» Instructions to follow: Repeat, exactly and with no pictures, the lines that run from the beginning of the entries through the line containing "Early Settler Teddy".

» Data for processing:
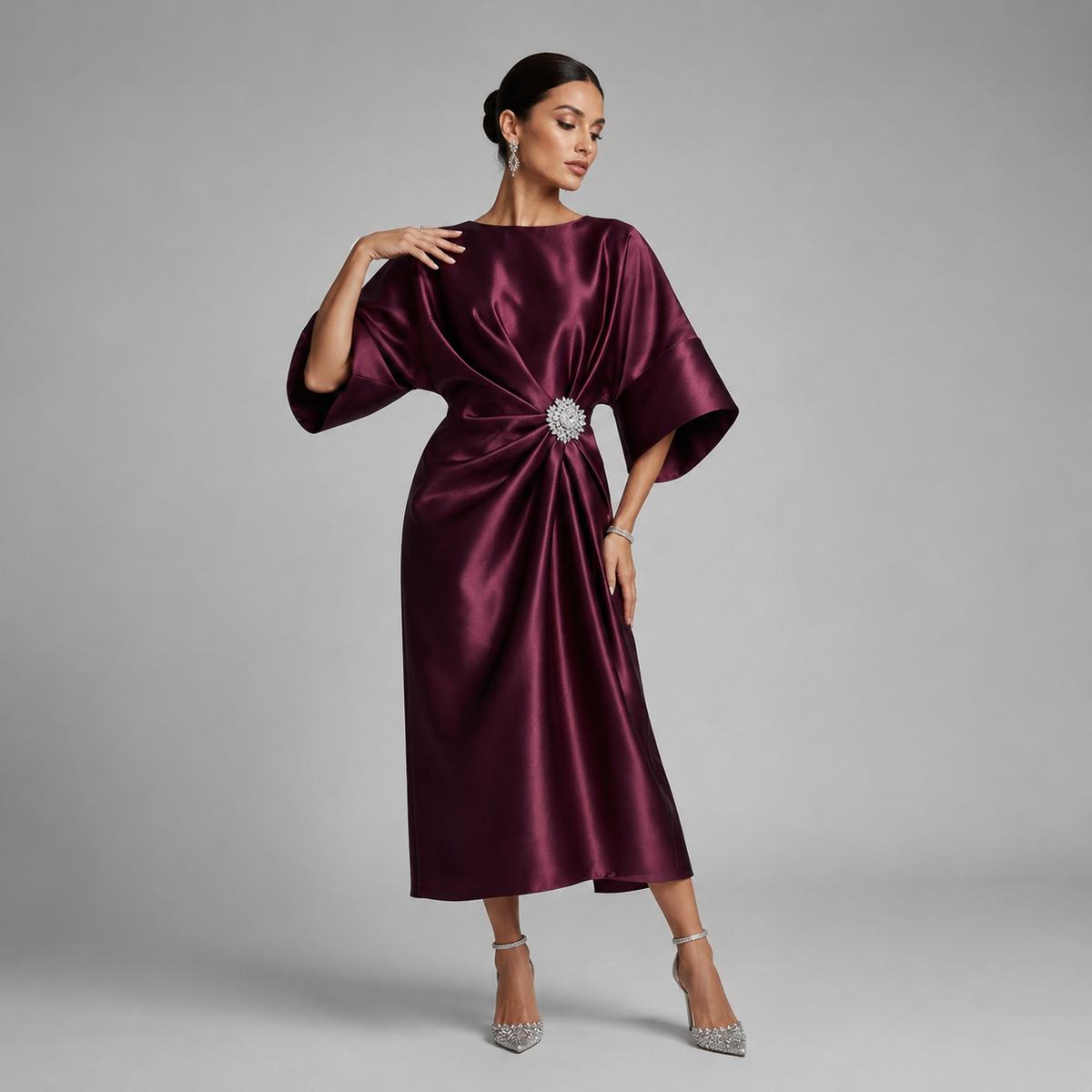 Satin Batwing Sleeve Draped Midi Dress — source view 6
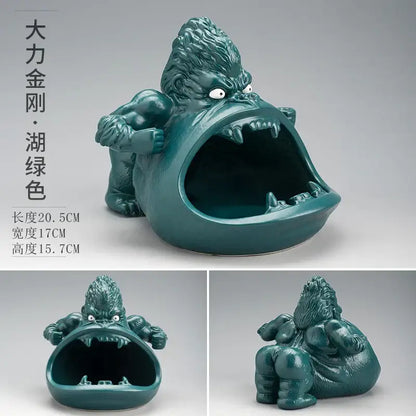 Cartoon black gorilla ceramic ashtray living room animal decor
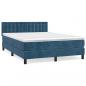 Preview: Boxspringbett mit Matratze Dunkelblau 140x190 cm Samt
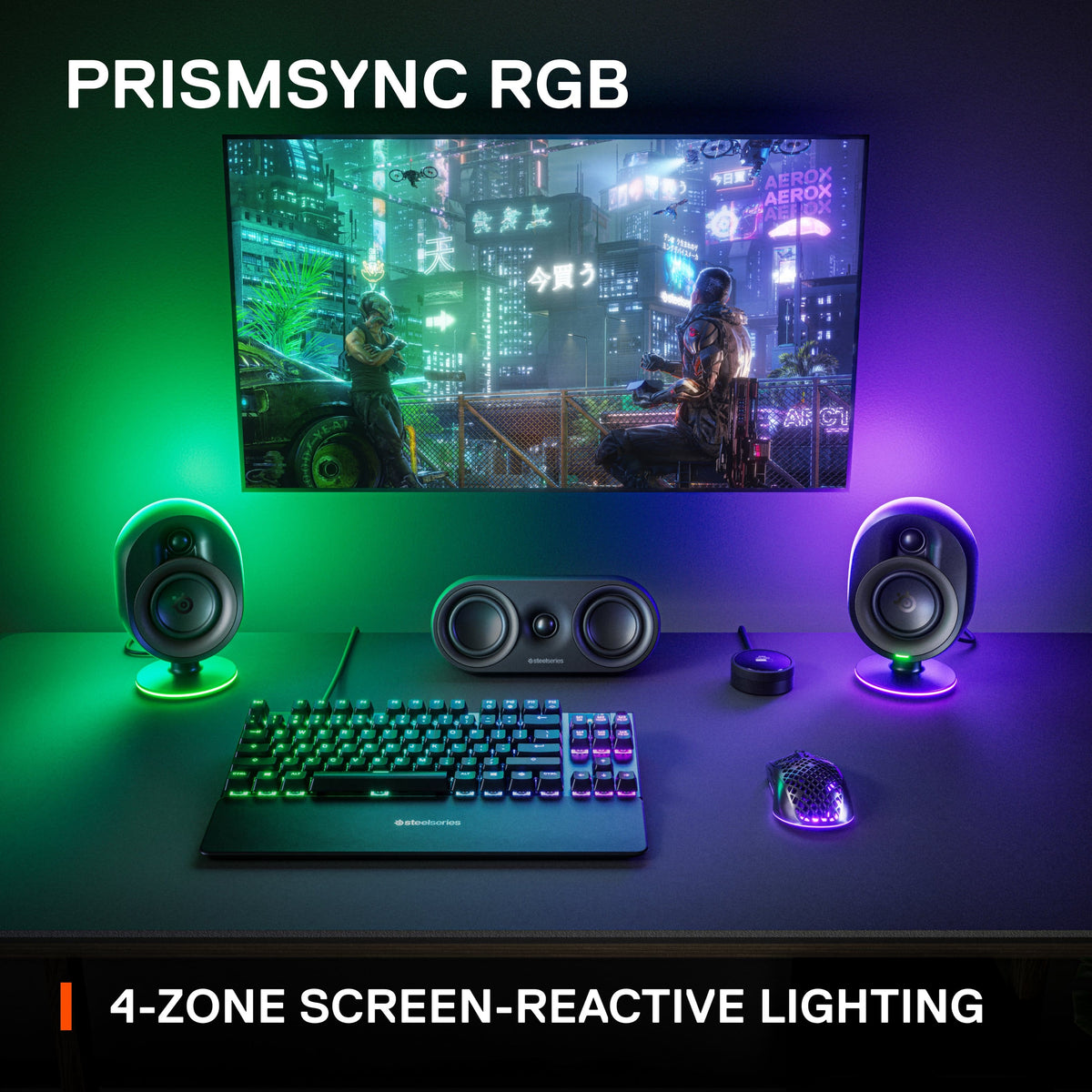 SteelSeries - Arena 9 5.1 Bluetooth Gaming Speakers with RGB Lighting (6 Piece) - Black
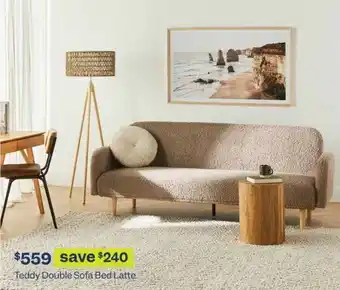 Early Settler Teddy Double Sofa Bed Latte offer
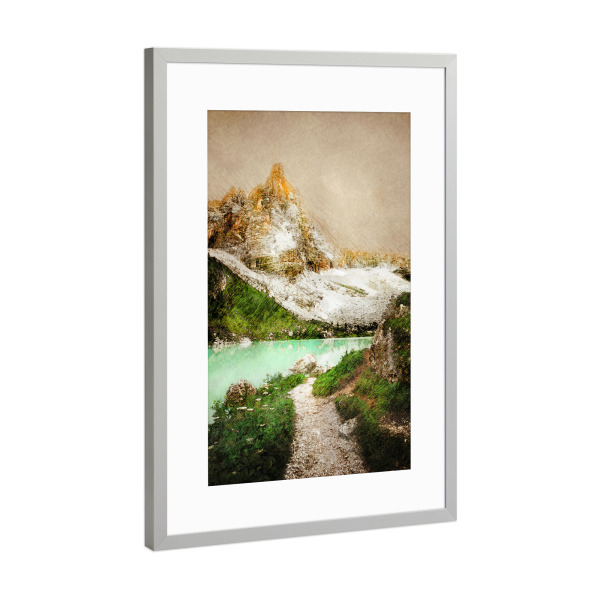 Poster mit Rahmen Silber "Italy Sorapiss Lake" artboxONE - Natur,Reise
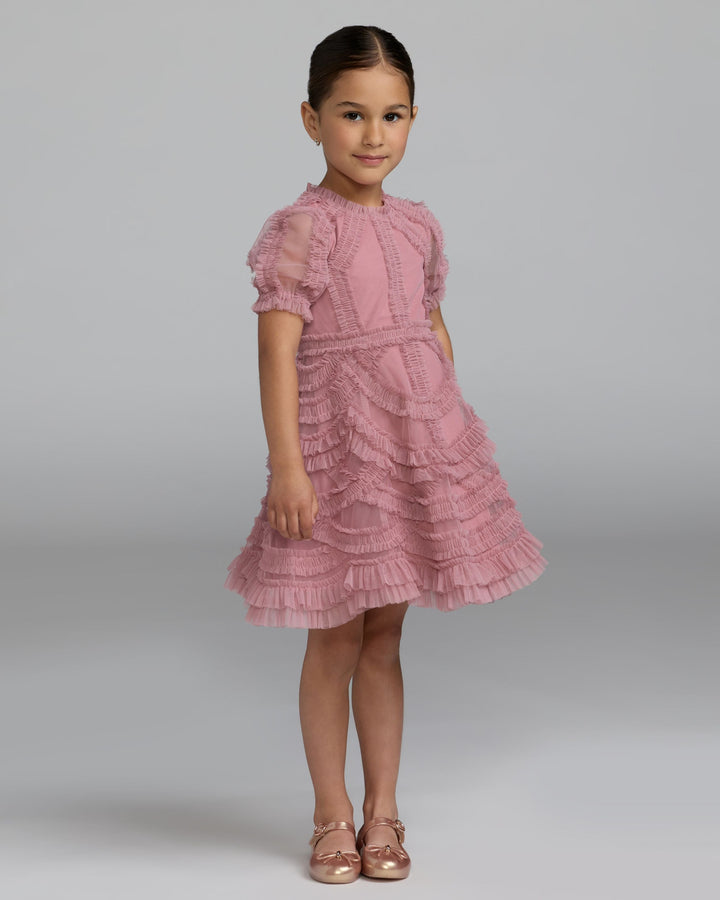 Mac Duggal 8503 Girls High Neck Puff Sleeve Ruffle Mini Dress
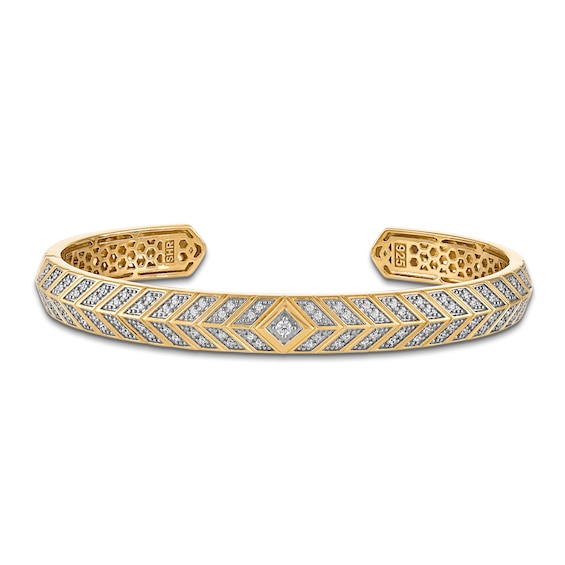 1933 by Esquire Diamond Cuff Bracelet 1/2 ct tw 14K Yellow Gold-Plated Sterling Silver 8.5"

» Answer to this exercise:
 Satin Batwing Sleeve Draped Midi Dress — source view 6
 Cartoon black gorilla ceramic ashtray living room animal decor
 Preview: Boxspringbett mit Matratze Dunkelblau 140x190 cm Samt
 SteelSeries - Arena 9 5.1 Bluetooth Gaming Speakers with RGB Lighting (6 Piece) - Black
 Early Settler Teddy Double Sofa Bed Latte offer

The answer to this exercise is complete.